As I maintain ... I see nothing wrong here other than misconceptions about benchmarking.

Author

Commented:
It is absolutely irrelevant if the system is booted or not, especially on systems with a lot of RAM, or if the same controller is used. Server cards have discrete and dedicated processing units and RAM, and internal throughput that is rarely surpassed even by fastest arrays or combination of arrays. On small, CPU dependent controllers, the total throughput can suffer, if the channel/s are saturated with data transfers from multiple drives, but that is not the rule. On servers, the difference in measurement should be under few percent, and is not something I would pay much attention to. The trends are important, and easily deciphered from transfer graphs produced.

My issue here is with controller giving me SEVERAL TIMES slower data transfer than it should.

If you don't have anything constructive to suggest for testing, I would like to kindly ask you to move away to another thread.
DavidPresident
Top Expert 2010

Commented:
mrmut - it is ABSOLUTELY relevant.  You have a limited amount of data lanes both internally between the controller and internal disks, and between the PCI bus and the controller.  With this many disks, they compete for shared resources.
Distinguished Expert 2019
Commented:
You may want to check the disk firmware against the drive matrix here - http://h20564.www2.hp.com/hpsc/doc/public/display?docId=emr_na-c00305257

You can also run an ADU report and upload it so we can check there are no problems with the disks.

HP don't list IOPS or MB/S but they do list seek times so you can calculate IOPS for small transfers from the quickspecs - http://www8.hp.com/h20195/v2/GetDocument.aspx?docname=c04111744

Did you try pinching the cache module and battery from the other machine?

Author

Commented:
That would be true 15 years ago, with R10 with 6-8 10k Ultrastars on on Ultra-160 controller.
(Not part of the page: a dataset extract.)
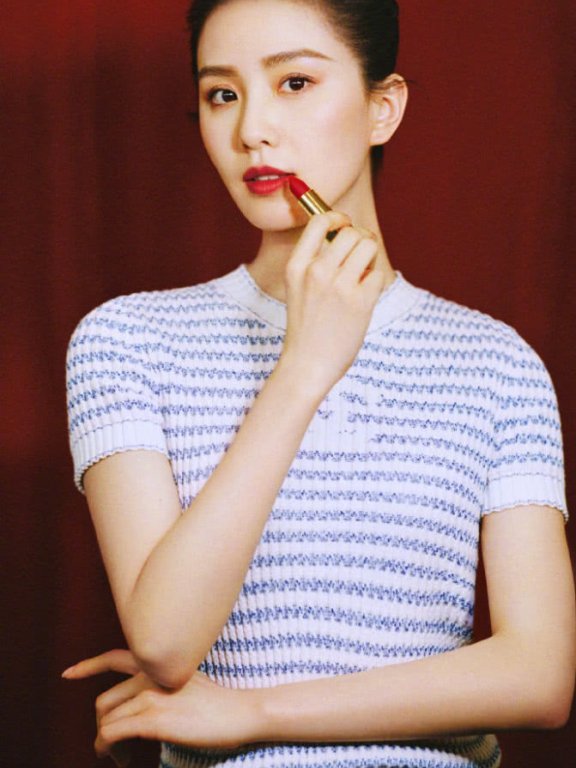 刘诗诗草莓果酱唇色，感性迷人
P400 is only capped by bus that peaks at 2GB/s, you have 1.2 GB/s per lane, one lange per cage of 4 drives, two cages.

Author

Commented:
andyalder - thanks.

Will try syncing drive firmwares tomorrow, if possible. I updated drives to latest available firmwares, but as there are three drive revisions, I have different firmware versions on some of them.

Will update ADU report tomorrow. Can't do it now, the system is off.
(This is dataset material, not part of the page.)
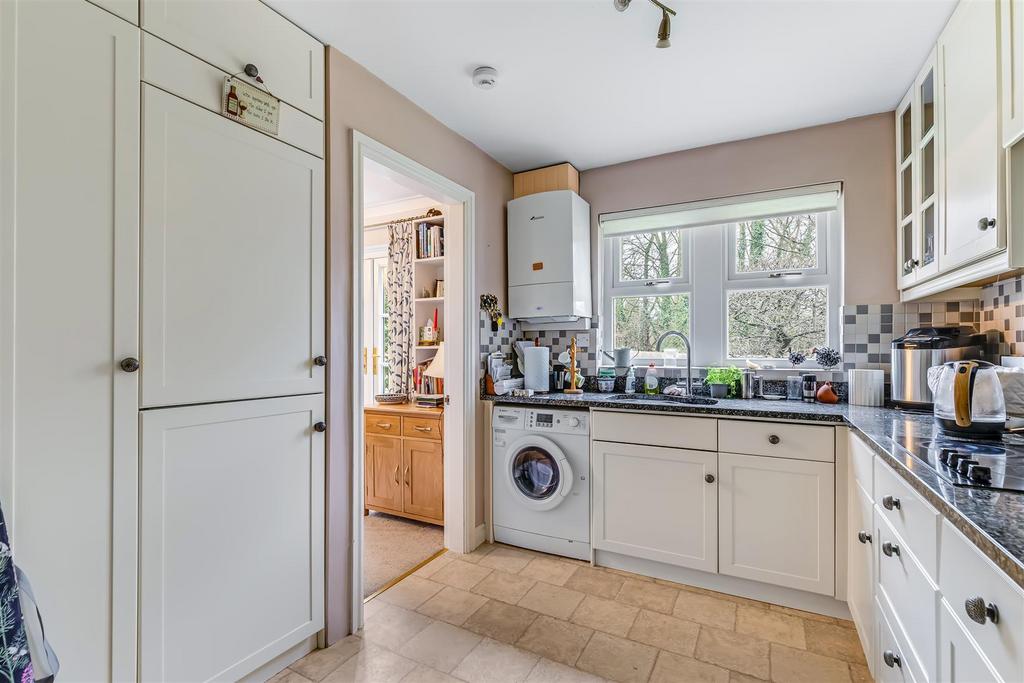 Kitchen 2.jpg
I haven't tried the cache path (altho I would liked to). I also tried the other controller, but the system refused to recognize it.

Author

Commented:
Syncing formwares didn't seem a good idea when I wanted to to that today. That was not advised on SUM DVD, due to  specific problems with older firmwares. Still, I decided to reflash *everything* that was possible to reflash on HP SUM DVD, and it seem that has worked.
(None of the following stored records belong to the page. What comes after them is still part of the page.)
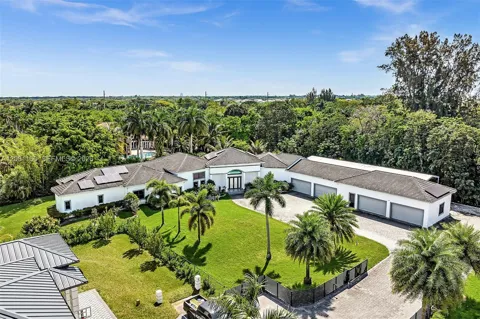 1540 SW 115th Ave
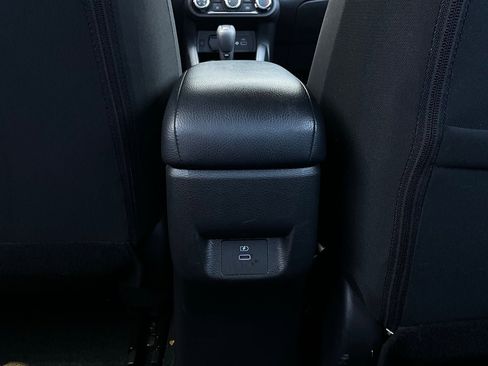 Used 2025 Nissan Versa SV image 12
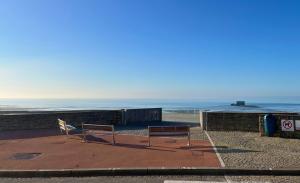 twee banken op een richel met uitzicht op de oceaan bij NID D'OPALE - Le Portel in Le Portel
The system is currently running torture test on 6HDD R10 (several hours now), and everything seems to work fine. The system again runs like it is installed on a big, multi-part and redundant SSD.

So... What caused the problem? I am not sure. We will still see will it be stable, but in general I believe (and hope) it should be.

If any more problems happen with the server, I won't have anything else to do, but to send entire machine to service center.

[I will select andyalder as a solution to the problem, as his suggestions proved most helpful to solve this nightmare.]
Distinguished Expert 2019

Commented:
Thanks. Any cure for piles?

Author

Commented:
Sorry, what do you mean by "piles"? I don't understand?

Author

Commented:
BTW the server is 100% using all resources for 3:30 now (CPU, RAM, HDD]. I almost feel sorry for doing this; don't like to run such tests on any computer.
Distinguished Expert 2019

Commented:
Googling shows that HP fixed the performance issue at about firmware level 5.2 although it doesn't mention anything in the release notes, that's about 7 years old firmware though.

Author

Commented:
Well, the thing is that I have had that firmware on the controller before. I did updated it to 7.24(b), but it seems something didn't work as it should.

The server seems fine. It is at 100% load for ~20 hours now, and it is still snappy.

Author

Commented:
UPDATE: Everything works fine. :-) Haven't had a single issue with the machine, and I will be putting it in production tomorrow.